• **Excerpted data**:
────

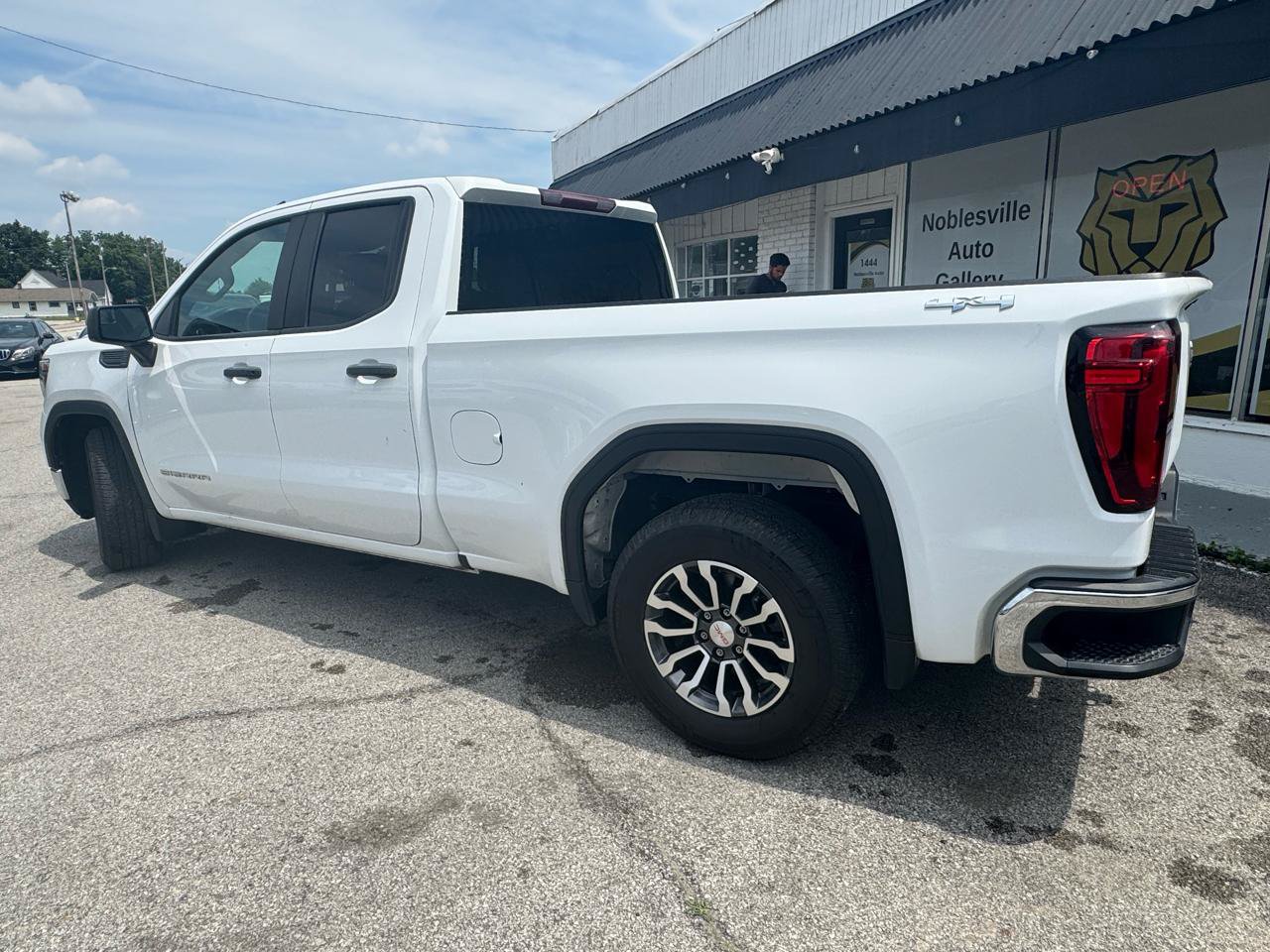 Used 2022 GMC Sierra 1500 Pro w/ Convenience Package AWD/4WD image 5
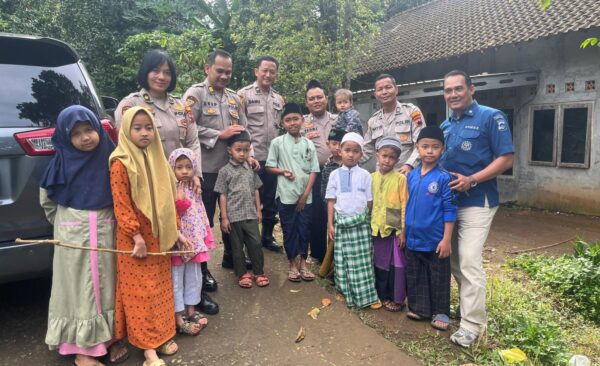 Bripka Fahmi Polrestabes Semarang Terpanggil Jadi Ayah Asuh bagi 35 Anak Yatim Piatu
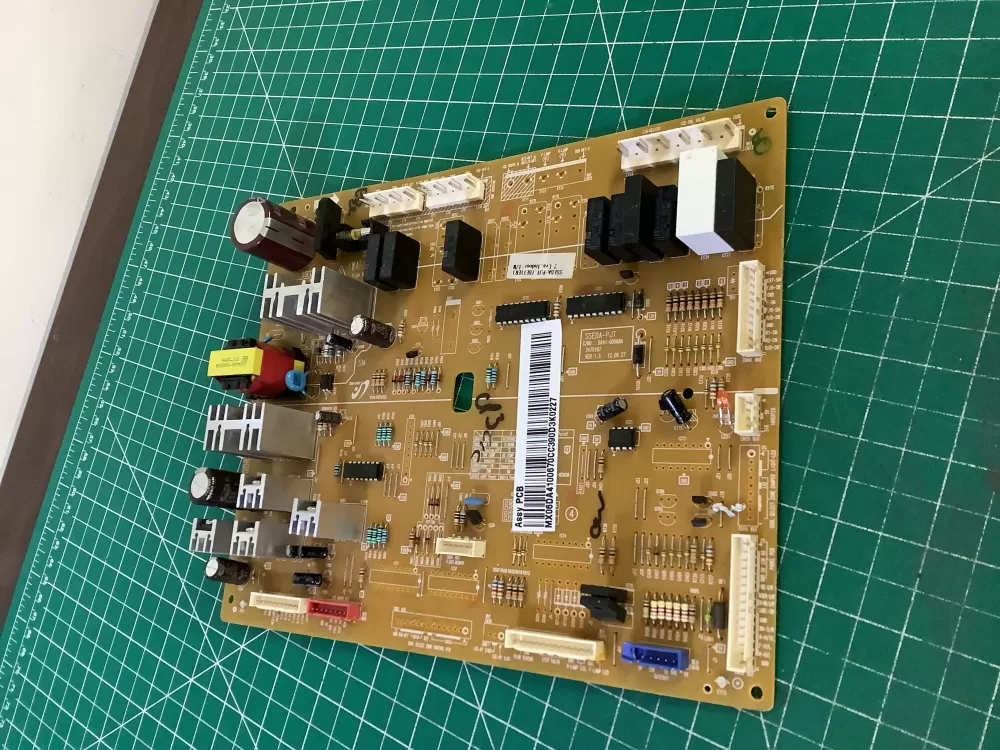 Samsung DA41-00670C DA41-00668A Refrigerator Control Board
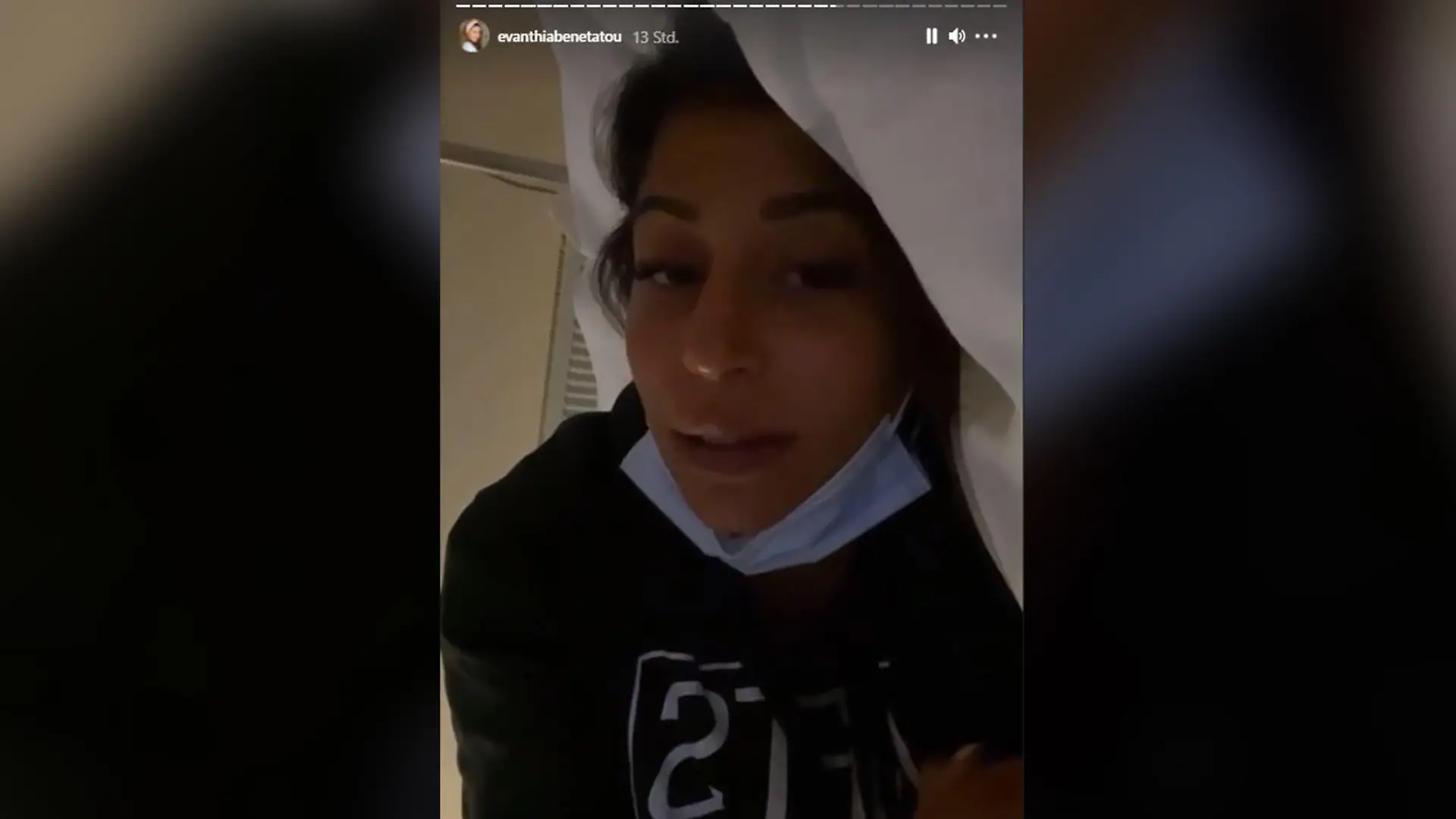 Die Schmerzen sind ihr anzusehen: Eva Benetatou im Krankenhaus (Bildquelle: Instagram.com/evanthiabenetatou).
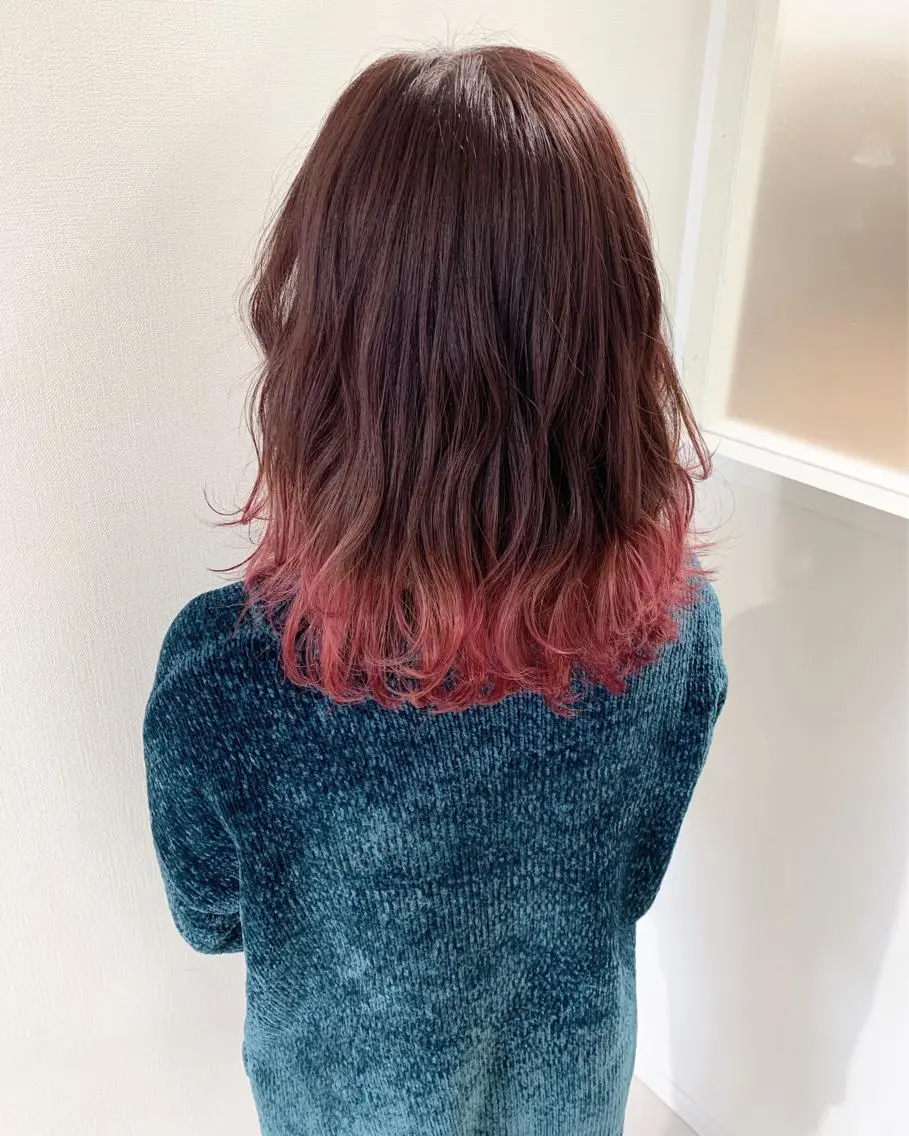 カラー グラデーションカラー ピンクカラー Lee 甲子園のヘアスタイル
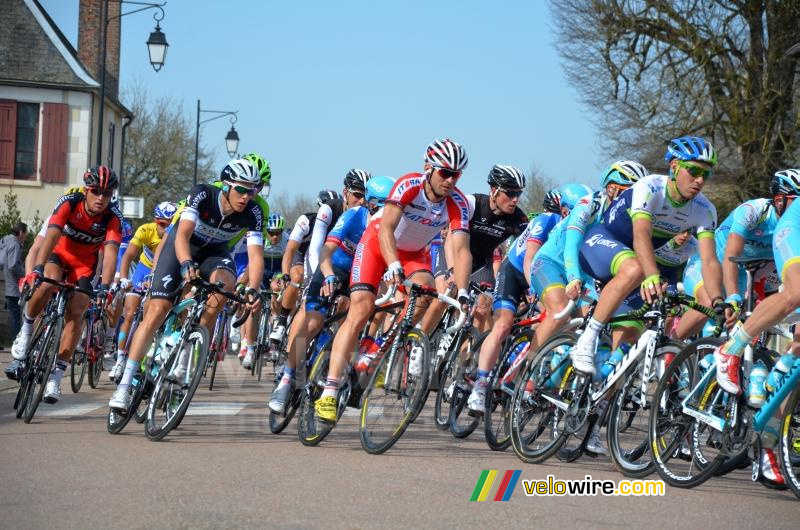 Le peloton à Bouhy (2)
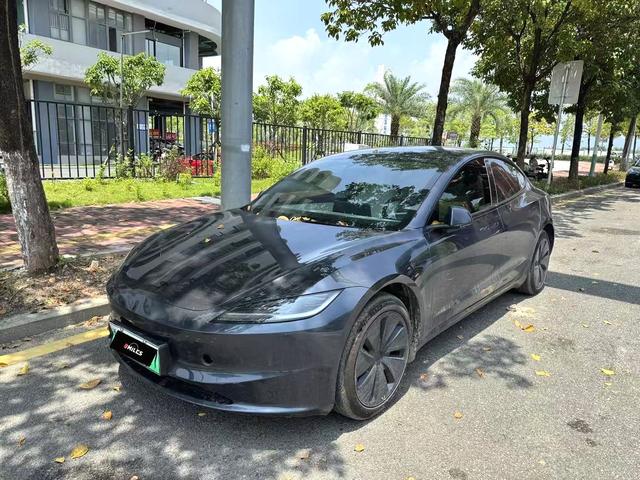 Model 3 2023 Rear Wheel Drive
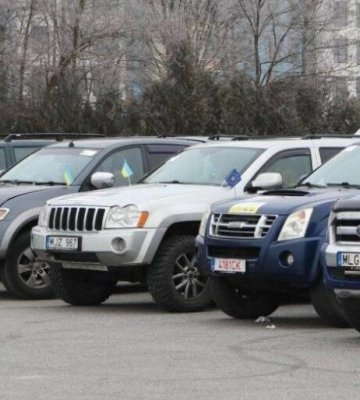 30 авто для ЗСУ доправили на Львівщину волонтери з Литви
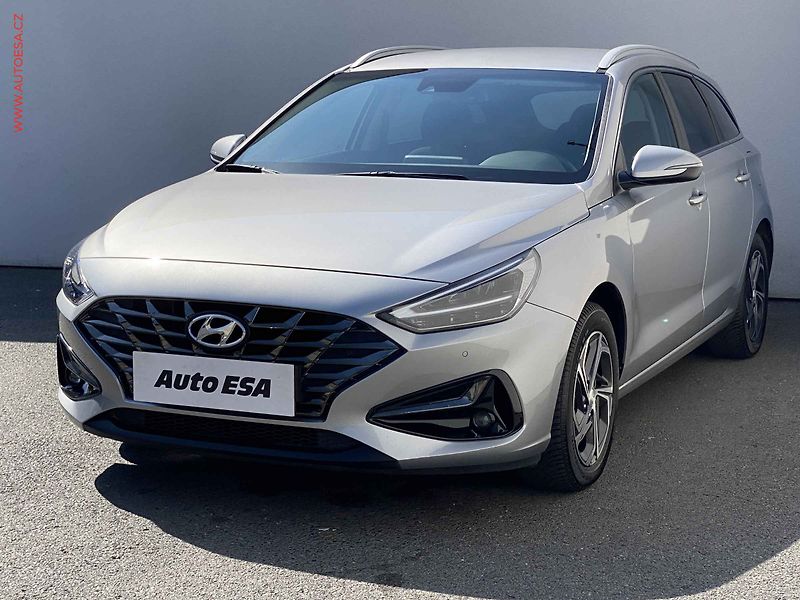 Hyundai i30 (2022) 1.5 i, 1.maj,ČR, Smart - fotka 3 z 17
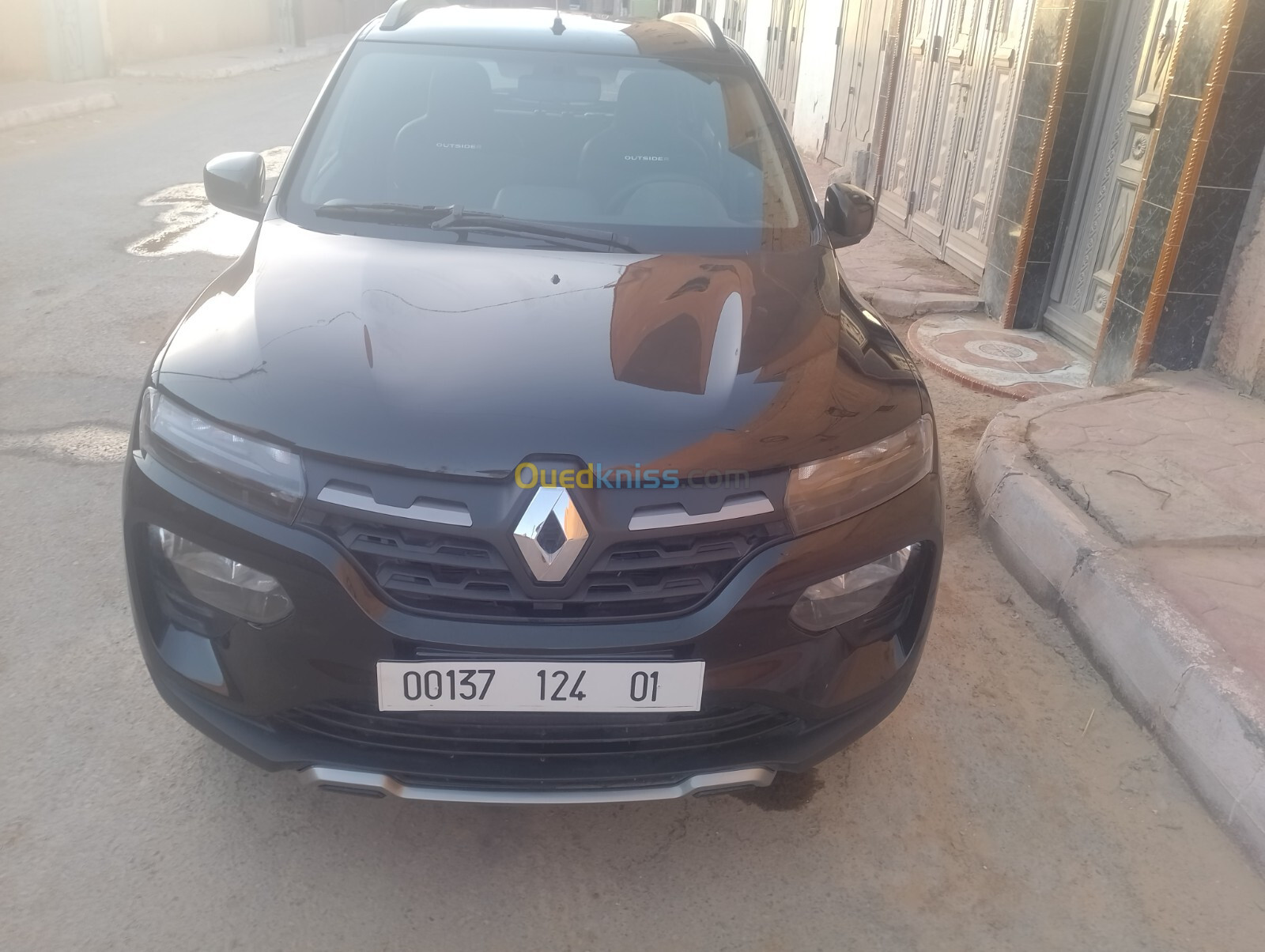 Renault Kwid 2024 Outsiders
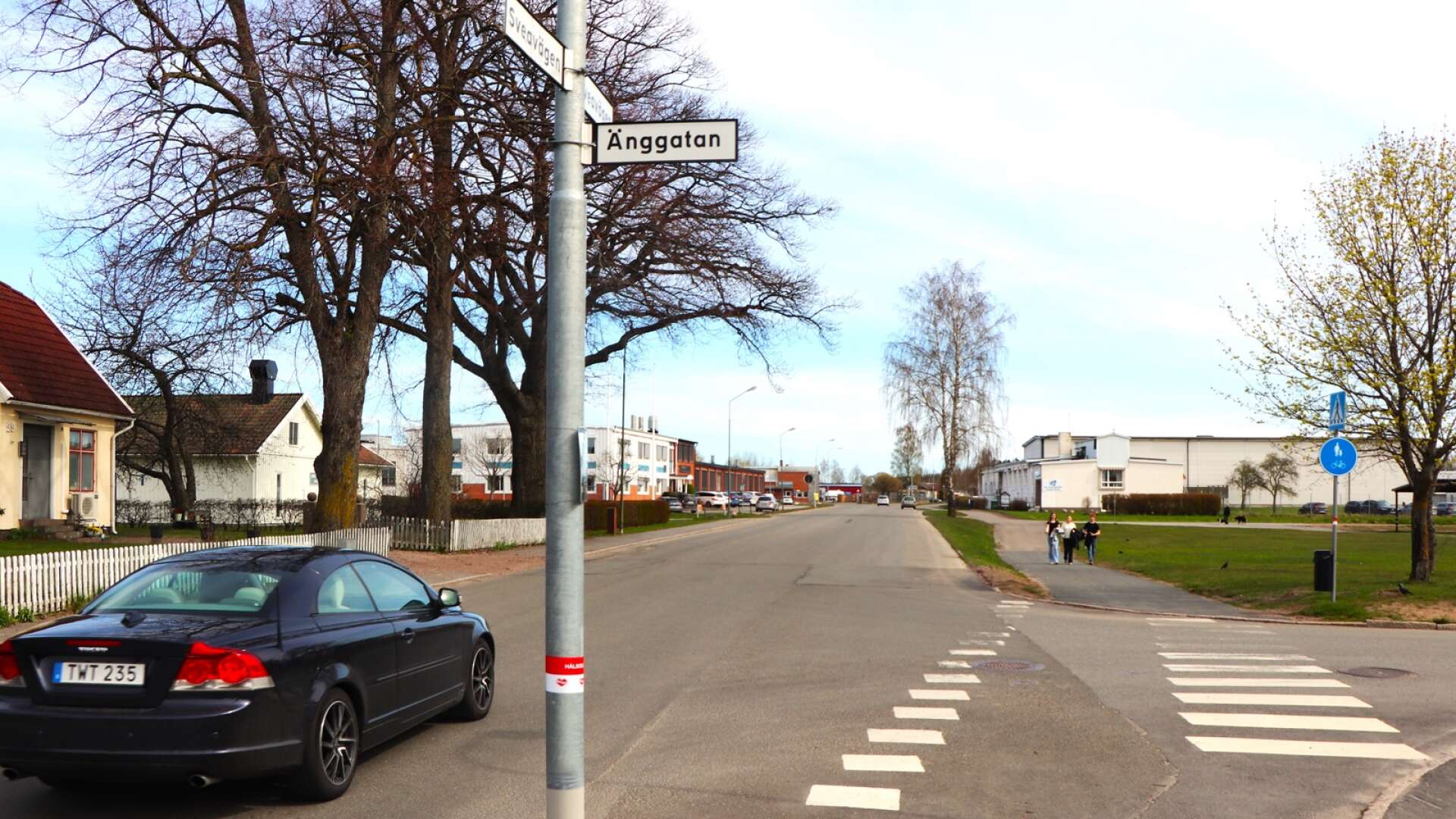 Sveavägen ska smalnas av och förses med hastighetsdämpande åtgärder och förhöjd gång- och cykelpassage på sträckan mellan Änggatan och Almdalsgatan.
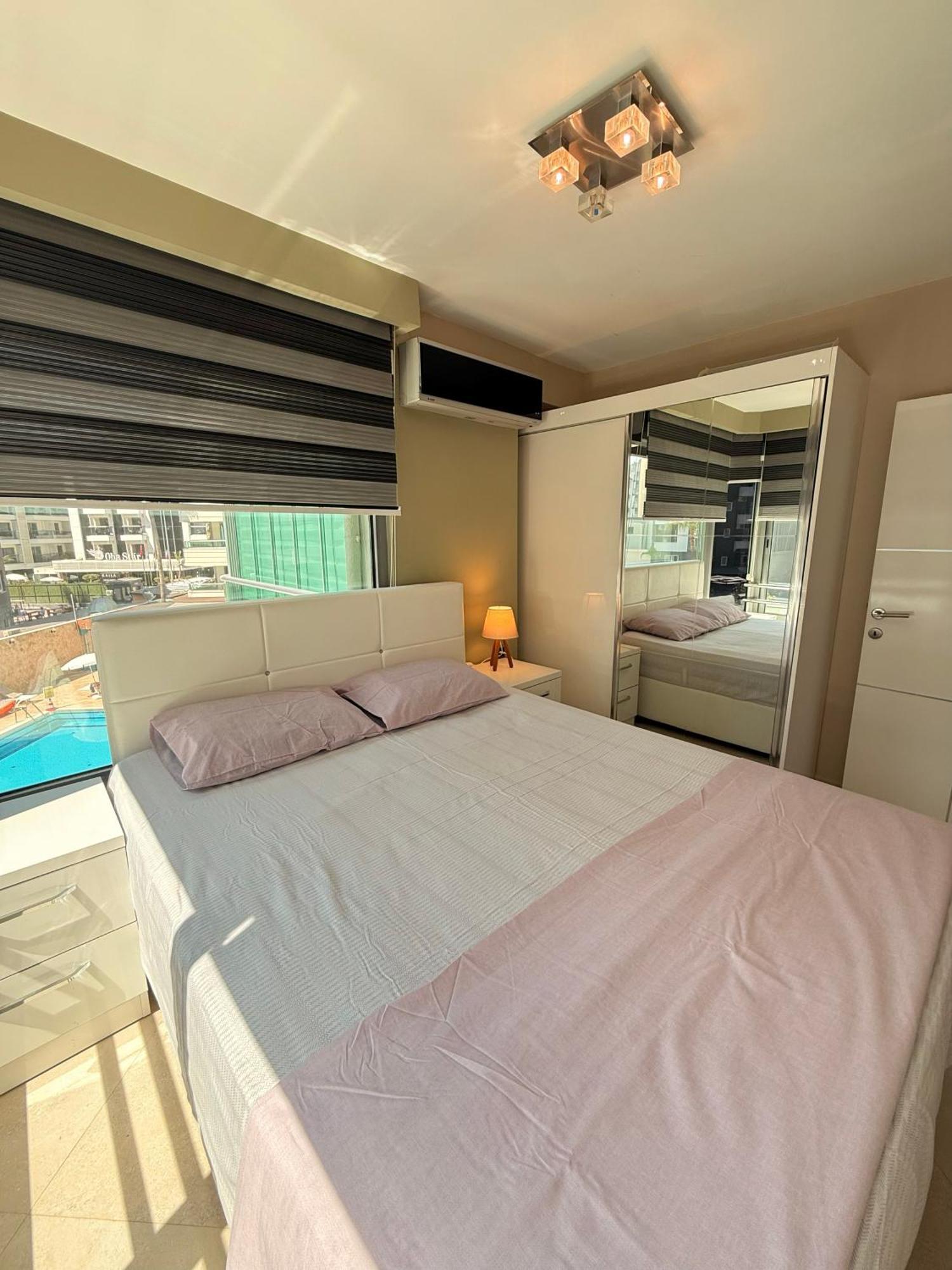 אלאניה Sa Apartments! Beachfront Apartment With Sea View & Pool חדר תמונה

────

• **What you have to do**: Every line from the one with "カラー グラデーションカラー ピンクカラー Lee 甲子園のヘアスタイル" through the last line of the listing above must be written out exactly, and no picture may appear.

• **Output of the task**:
 カラー グラデーションカラー ピンクカラー Lee 甲子園のヘアスタイル
 Le peloton à Bouhy (2)
 Model 3 2023 Rear Wheel Drive
 30 авто для ЗСУ доправили на Львівщину волонтери з Литви
 Hyundai i30 (2022) 1.5 i, 1.maj,ČR, Smart - fotka 3 z 17
 Renault Kwid 2024 Outsiders
 Sveavägen ska smalnas av och förses med hastighetsdämpande åtgärder och förhöjd gång- och cykelpassage på sträckan mellan Änggatan och Almdalsgatan.
 אלאניה Sa Apartments! Beachfront Apartment With Sea View & Pool חדר תמונה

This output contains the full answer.